Entrevista:O Estado inteligente

quinta-feira, março 31, 2005

Folha de S.Paulo -CLÓVIS ROSSI-31/03/2005


Dois Lula, ambos convenientes

MADRI - Vinte e sete meses depois de assumir a Presidência, como é Luiz Inácio Lula da Silva quando visto de longe? Pode ser assim: "Lula da Silva consolidou sua posição de grande potência regional e sua aspiração a consolidar-se como porta-voz continental e paladino de uma política viável de progresso social e desenvolvimento" (descrição de Peru Egurbide, do jornal espanhol "El País", a respeito da cúpula de anteontem em Ciudad Guayana).
Você aí que sempre teve ou contraiu raiva de Lula dirá que Egurbide é um desses jornalistas "petistas" que existem supostamente em todas as redações do mundo.
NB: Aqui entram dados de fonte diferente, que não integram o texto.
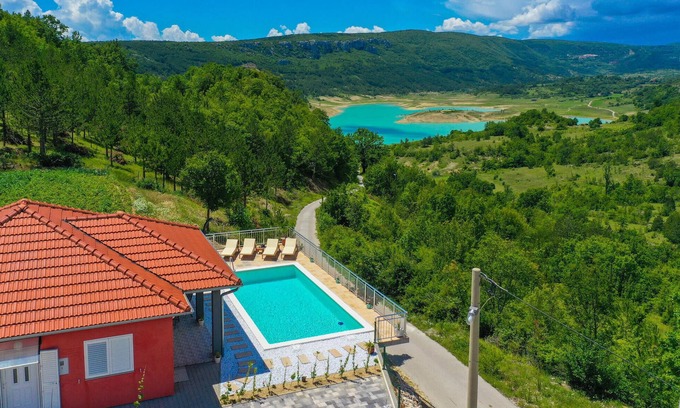 Prolozac House | Lovely home in Ricice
Engano. É o especialista em diplomacia do melhor jornal espanhol, com muita quilometragem rodada (trabalhamos juntos em Israel, durante a primeira guerra do Golfo, há 14 anos).
Mas a esse retrato simpático deve-se acrescentar outro, que surge quase distraidamente no mesmíssimo jornal, em cândida confissão de Carlos Westendorp, embaixador da Espanha em Washington e outro veterano (já foi comissário europeu).
Westendorp comenta que o objetivo comum da Espanha e dos EUA em relação ao presidente venezuelano Hugo Chávez é "lulalizar Chávez". Não é preciso ser diplomata nem veterano nem mesmo muito esperto para perceber que o neologismo "lulalizar" significa que Lula foi devidamente domesticado e não mais assusta nem incomoda o establishment (tanto o interno como o externo).
Ao contrário do que parece, nem há contradição entre os dois Lula, o do jornalista e o do embaixador.
Convém aos líderes mundiais que o presidente de um país complexo e potencialmente problemático como o Brasil, ainda mais sendo ele proveniente em teoria da esquerda, faça todo um discurso contra a pobreza e a fome, mas, ao mesmo tempo, implemente políticas ortodoxas, convencionais, pró-mercado.
Como ninguém é contra combater a fome (ao menos da boca pra fora), a "lulalização" de Lula é conveniente, porque sua retórica nem sequer arranha o status quo.